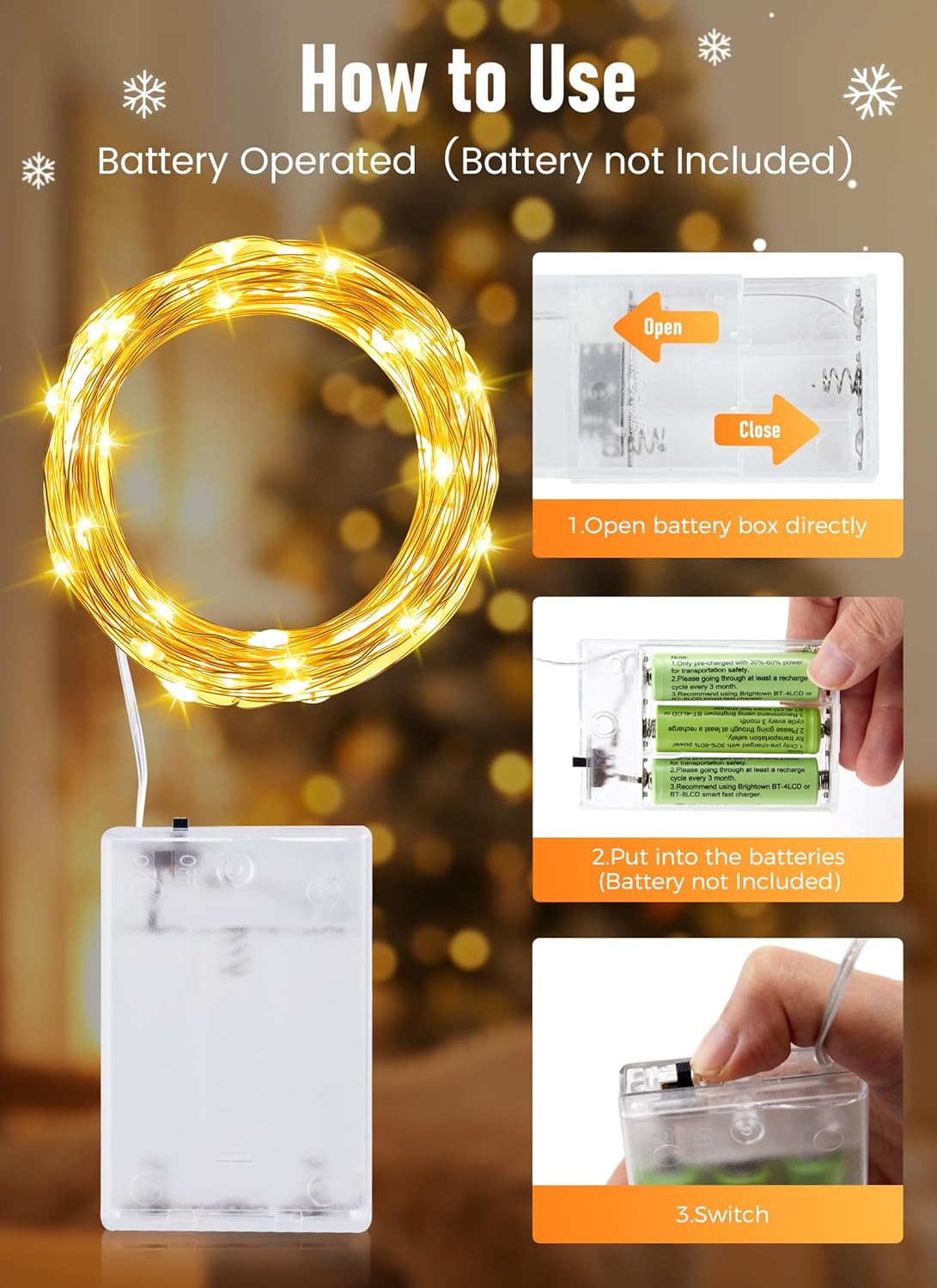 Minetom Flameless Fairy Lights – 0.03W Cool to Touch Safe Lighting for Kids Room, Pet Area & Bedroom Sleep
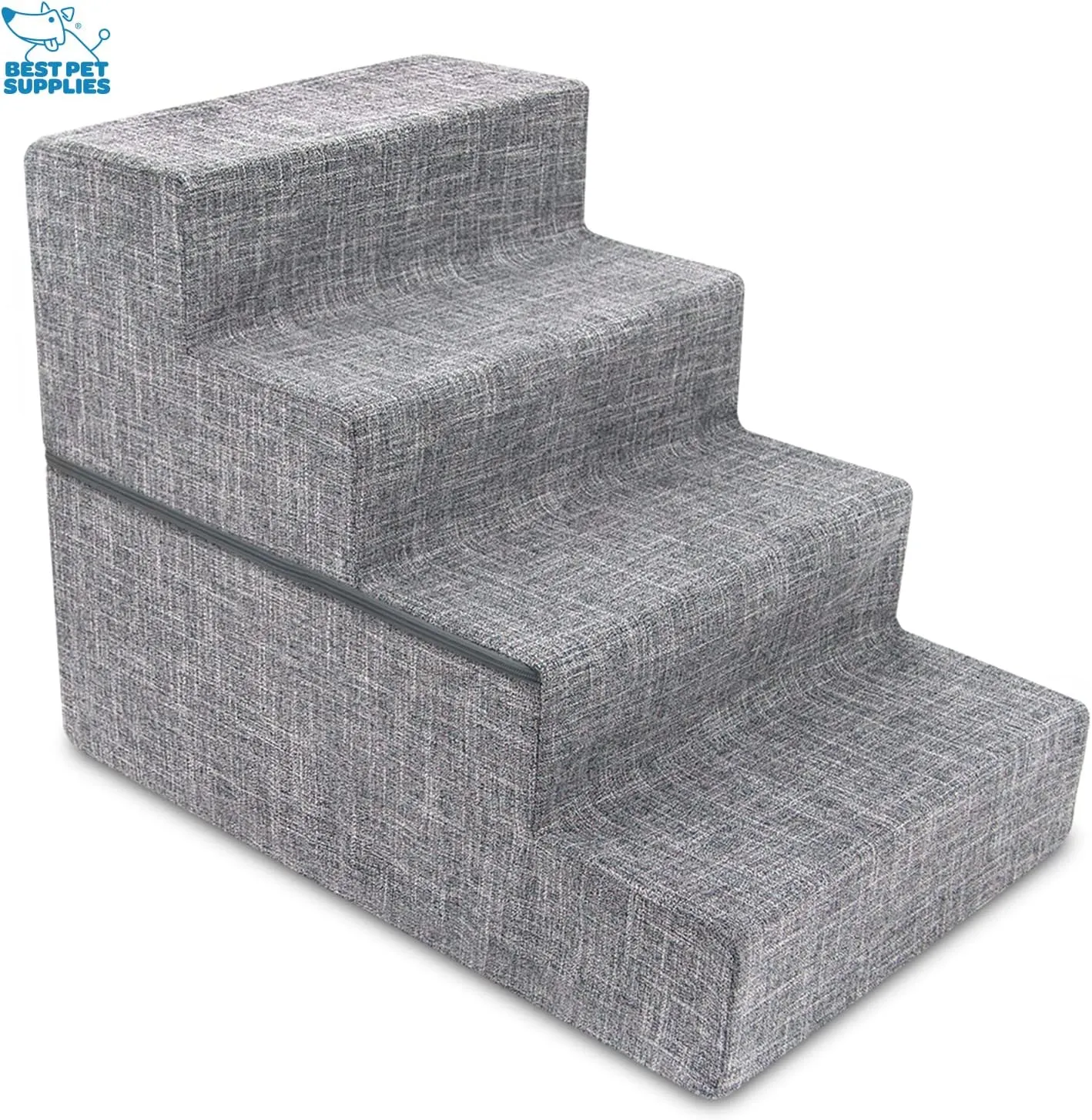 Best Pet Supplies Foldable Foam Pet Steps for Small Dogs and Cats, Portable Ramp Stairs for Couch, Sofa, and High Bed Climbing, Non-Slip Balanced Indoor Step Support, Paw Safe - Ash Gray Linen,4-Step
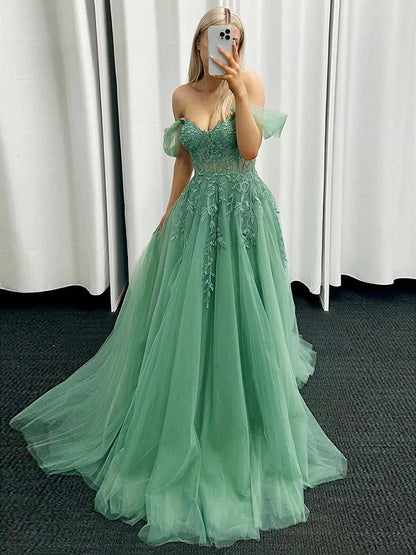 A-Line Off Shoulder Tulle Lace Green Long Prom Dress Green Long Prom Dress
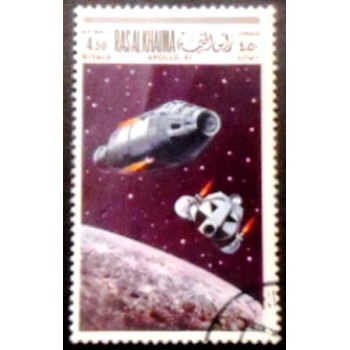 Imagem do selo postal de Ras Al Khaima de 1969 Return anunciado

━━━━━━━━━━━━━━━━━━━━━━━━━━━━━━

## Task to complete
Copy out the full material exactly. Pictures should not appear in it.

## Exercise answer
 Minetom Flameless Fairy Lights – 0.03W Cool to Touch Safe Lighting for Kids Room, Pet Area & Bedroom Sleep
 Best Pet Supplies Foldable Foam Pet Steps for Small Dogs and Cats, Portable Ramp Stairs for Couch, Sofa, and High Bed Climbing, Non-Slip Balanced Indoor Step Support, Paw Safe - Ash Gray Linen,4-Step
 A-Line Off Shoulder Tulle Lace Green Long Prom Dress Green Long Prom Dress
 Imagem do selo postal de Ras Al Khaima de 1969 Return anunciado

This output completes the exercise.